EXERCISE REQUIREMENTS → Examine each line of the listing below. Copy those in which the string "Basket" appears.

STUDY MATERIAL →
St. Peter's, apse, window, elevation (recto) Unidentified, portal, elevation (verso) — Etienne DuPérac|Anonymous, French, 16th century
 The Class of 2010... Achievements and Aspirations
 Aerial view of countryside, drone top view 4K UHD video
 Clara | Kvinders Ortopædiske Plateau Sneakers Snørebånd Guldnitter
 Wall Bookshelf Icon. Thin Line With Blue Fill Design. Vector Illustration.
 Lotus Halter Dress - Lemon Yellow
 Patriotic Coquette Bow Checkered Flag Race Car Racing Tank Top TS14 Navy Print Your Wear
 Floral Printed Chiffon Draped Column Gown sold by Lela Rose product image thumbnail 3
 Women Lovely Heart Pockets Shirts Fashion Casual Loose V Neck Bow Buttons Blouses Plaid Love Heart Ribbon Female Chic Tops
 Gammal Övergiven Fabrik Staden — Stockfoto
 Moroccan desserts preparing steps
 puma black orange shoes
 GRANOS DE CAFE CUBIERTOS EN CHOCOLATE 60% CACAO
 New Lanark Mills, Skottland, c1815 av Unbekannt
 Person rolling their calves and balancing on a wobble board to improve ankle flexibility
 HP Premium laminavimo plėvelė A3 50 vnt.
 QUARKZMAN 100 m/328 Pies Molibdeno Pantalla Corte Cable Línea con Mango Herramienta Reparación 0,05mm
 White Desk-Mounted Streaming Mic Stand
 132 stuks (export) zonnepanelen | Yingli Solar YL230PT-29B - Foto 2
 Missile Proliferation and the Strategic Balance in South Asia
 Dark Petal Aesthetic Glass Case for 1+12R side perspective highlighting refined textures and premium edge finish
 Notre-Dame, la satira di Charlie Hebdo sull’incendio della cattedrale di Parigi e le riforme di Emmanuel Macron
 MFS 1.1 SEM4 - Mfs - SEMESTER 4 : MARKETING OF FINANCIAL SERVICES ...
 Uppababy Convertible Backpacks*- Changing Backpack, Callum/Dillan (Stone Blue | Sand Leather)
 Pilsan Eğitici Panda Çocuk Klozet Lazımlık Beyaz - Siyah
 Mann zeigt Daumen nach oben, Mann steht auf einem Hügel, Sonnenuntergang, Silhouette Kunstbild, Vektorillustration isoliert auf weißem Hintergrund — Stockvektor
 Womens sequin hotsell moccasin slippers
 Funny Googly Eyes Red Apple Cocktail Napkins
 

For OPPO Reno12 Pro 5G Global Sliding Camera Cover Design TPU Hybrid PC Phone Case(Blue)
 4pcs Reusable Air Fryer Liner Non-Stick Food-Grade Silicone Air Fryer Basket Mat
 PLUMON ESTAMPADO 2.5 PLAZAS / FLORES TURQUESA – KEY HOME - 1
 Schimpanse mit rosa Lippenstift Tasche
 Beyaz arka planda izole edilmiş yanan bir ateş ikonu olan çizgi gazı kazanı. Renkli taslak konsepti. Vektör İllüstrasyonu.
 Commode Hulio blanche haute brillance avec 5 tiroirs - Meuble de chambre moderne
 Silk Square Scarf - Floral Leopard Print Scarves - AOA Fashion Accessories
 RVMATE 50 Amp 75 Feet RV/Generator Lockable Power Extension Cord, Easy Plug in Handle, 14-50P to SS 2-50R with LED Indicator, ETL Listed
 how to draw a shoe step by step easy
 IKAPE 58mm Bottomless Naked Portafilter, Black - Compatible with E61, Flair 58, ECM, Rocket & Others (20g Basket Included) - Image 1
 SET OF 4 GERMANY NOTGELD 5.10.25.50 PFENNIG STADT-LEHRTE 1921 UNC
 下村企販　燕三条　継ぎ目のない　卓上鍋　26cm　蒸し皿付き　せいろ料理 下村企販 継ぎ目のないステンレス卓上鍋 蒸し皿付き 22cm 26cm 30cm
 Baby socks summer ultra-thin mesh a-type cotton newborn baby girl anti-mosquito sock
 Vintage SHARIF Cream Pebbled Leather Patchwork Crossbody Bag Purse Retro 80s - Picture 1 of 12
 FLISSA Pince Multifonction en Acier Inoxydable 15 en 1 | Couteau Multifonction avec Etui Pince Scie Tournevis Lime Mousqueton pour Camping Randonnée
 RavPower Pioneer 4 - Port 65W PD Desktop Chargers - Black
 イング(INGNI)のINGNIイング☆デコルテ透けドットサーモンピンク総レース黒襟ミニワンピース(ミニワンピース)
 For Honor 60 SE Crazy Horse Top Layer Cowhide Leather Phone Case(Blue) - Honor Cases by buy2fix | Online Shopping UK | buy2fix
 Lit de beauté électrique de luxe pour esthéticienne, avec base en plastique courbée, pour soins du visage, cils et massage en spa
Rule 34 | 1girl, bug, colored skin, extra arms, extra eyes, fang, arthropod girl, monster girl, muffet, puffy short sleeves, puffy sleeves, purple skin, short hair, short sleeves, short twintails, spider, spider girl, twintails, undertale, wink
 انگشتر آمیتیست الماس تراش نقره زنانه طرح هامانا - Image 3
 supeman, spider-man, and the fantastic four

ANSWER TO THE EXERCISE →
 4pcs Reusable Air Fryer Liner Non-Stick Food-Grade Silicone Air Fryer Basket Mat
 IKAPE 58mm Bottomless Naked Portafilter, Black - Compatible with E61, Flair 58, ECM, Rocket & Others (20g Basket Included) - Image 1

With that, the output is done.